Antikomünist propaganda ile göçmen karşıtı ve İslamofobik ırkçı söylemlerin günlük propaganda haline geldiği bir ülkede, bu tür saldırılarla yürütülen bir kampanyaya rağmen gelen bu ezici zafer, istisnai bir olay. Bu zafer, ülkenin diğer bölgelerinde demokratik, solcu ve sosyalist önerilerin gelişimine ivme kazandırabilir. Ancak asıl zorluk, bu gençlik ve işçi sınıfı coşkusunu Demokrat Parti’nin liberal düzeni dışında, bağımsız bir sol ve işçi sınıfı örgütlenmesine kanalize edebilmekte yatıyor.

Sosyalist Çekirdek (Socialist Core) ve İUB-DE (İşçilerin Uluslararası Birliği – Dördüncü Enternasyonal) olarak, DSA’nın Demokrat Parti’den ayrılıp bağımsız, sol ve işçi sınıfı temelli büyük bir parti kurmasının büyük bir adım olacağını düşünüyoruz. Mamdani’nin zaferi ve kişisel itibarı bu doğrultuda önemli bir katkı olabilir.

Şimdi yenilen Demokratlar ve kapitalistler, seçimde başaramadıklarını müzakereyle elde etmeye çalışacaklar. Mamdani’ye reform programının en ilerici unsurlarından, özellikle zenginlere vergi getirerek sosyal programları finanse etme planından vazgeçmesi için baskı yapacaklar.

Mamdani belediye başkanlığına gelmeden önce bile politik tutumlarını yumuşatmaya başlamıştı. Örneğin, polis bütçesini azaltma fikrinden vazgeçti. Şimdi belirleyici olan şey, Trump’ın New York’u kuşatılmış bir şehir haline getirme tehdidine karşı yalnızca halkın örgütlenmesi ve seferberliği değil, aynı zamanda Mamdani’nin yeni tavizler vermesini önlemek olacak. Bu büyük mücadelede gençliğe ve işçilere destek vermek son derece önemli.
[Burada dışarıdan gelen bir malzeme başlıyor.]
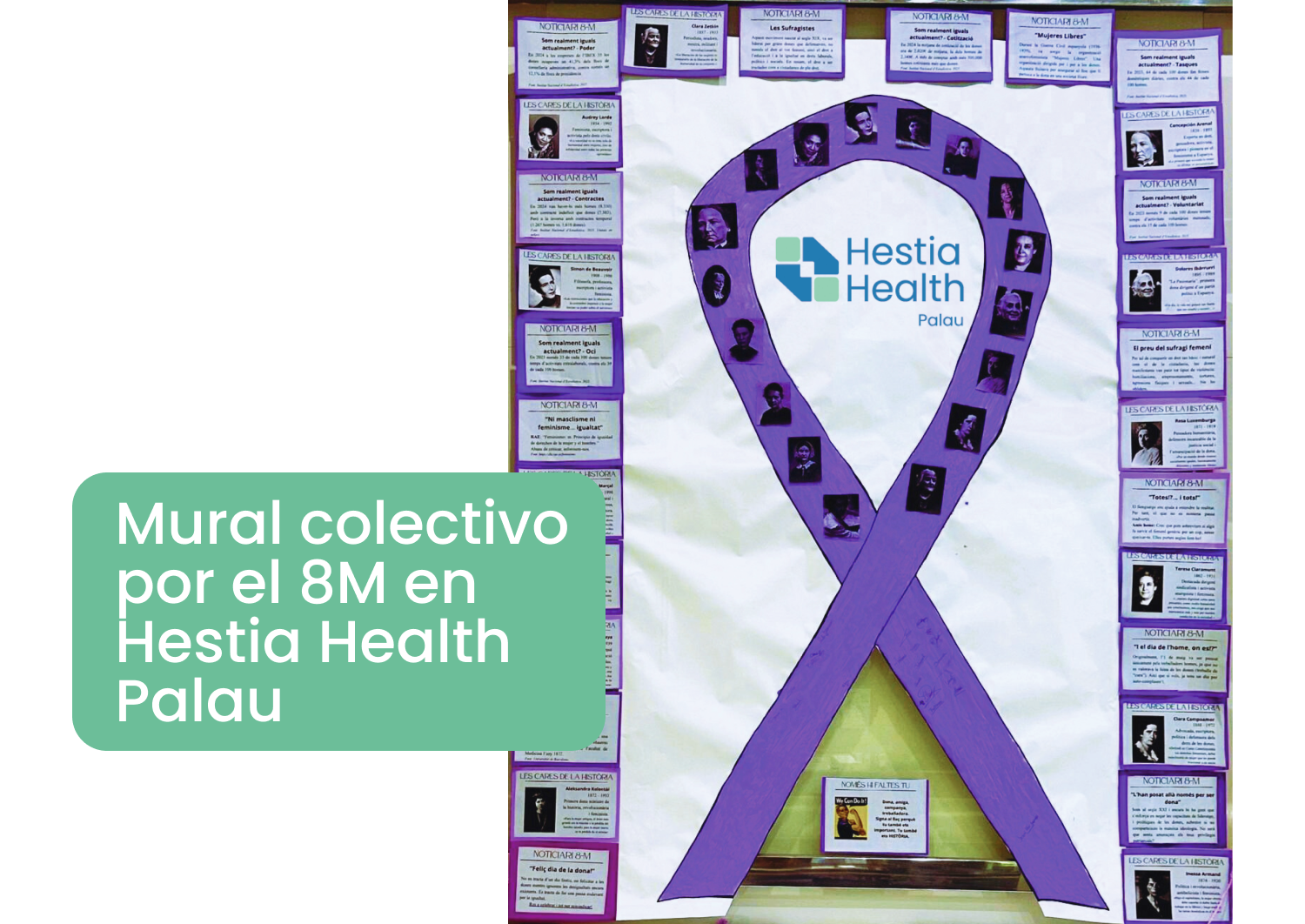 Un mural colectivo por el 8M en Hestia Health Palau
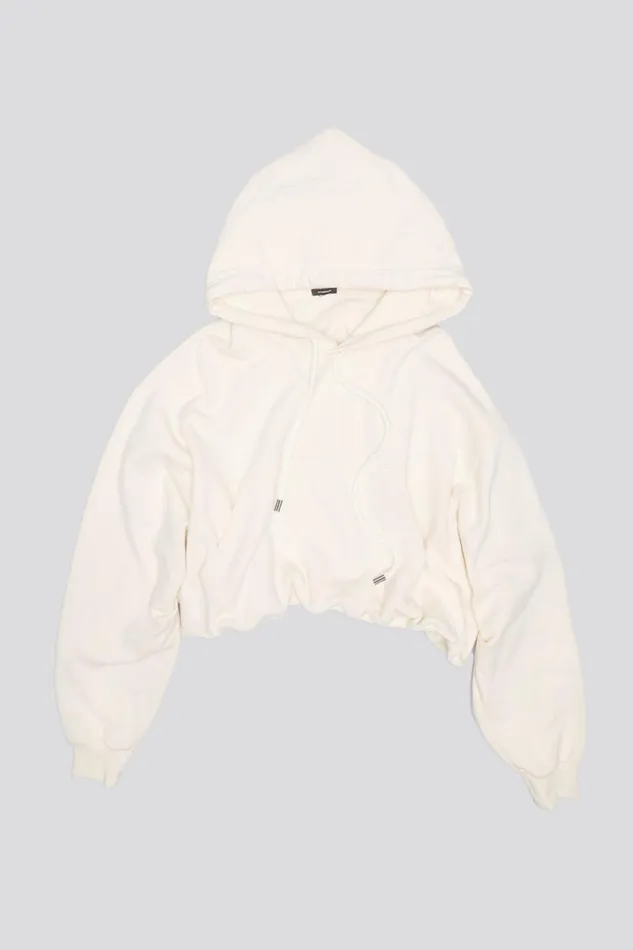 R13 Sale Women BALLOON POPOVER HOODIE 8211 NATURAL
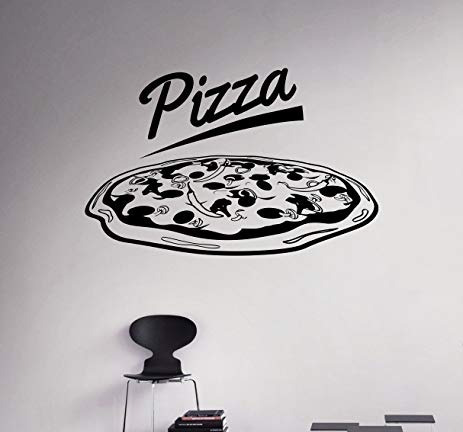 Vinilo Decorativo Pizza Pared Mas Diseños 4u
Fakat aynı zamanda kendi bağımsız siyasi örgütümüzü kurmanın ve gerçek bir siyasal, ekonomik ve toplumsal değişim stratejisi inşa etmenin gerekliliği temel görevimiz olmaya devam edecek.

Sosyalist Çekirdek
(İUB-DE’nin ABD’deki sempatizanları)

5 Kasım 2025

Yorumlar kapalıdır.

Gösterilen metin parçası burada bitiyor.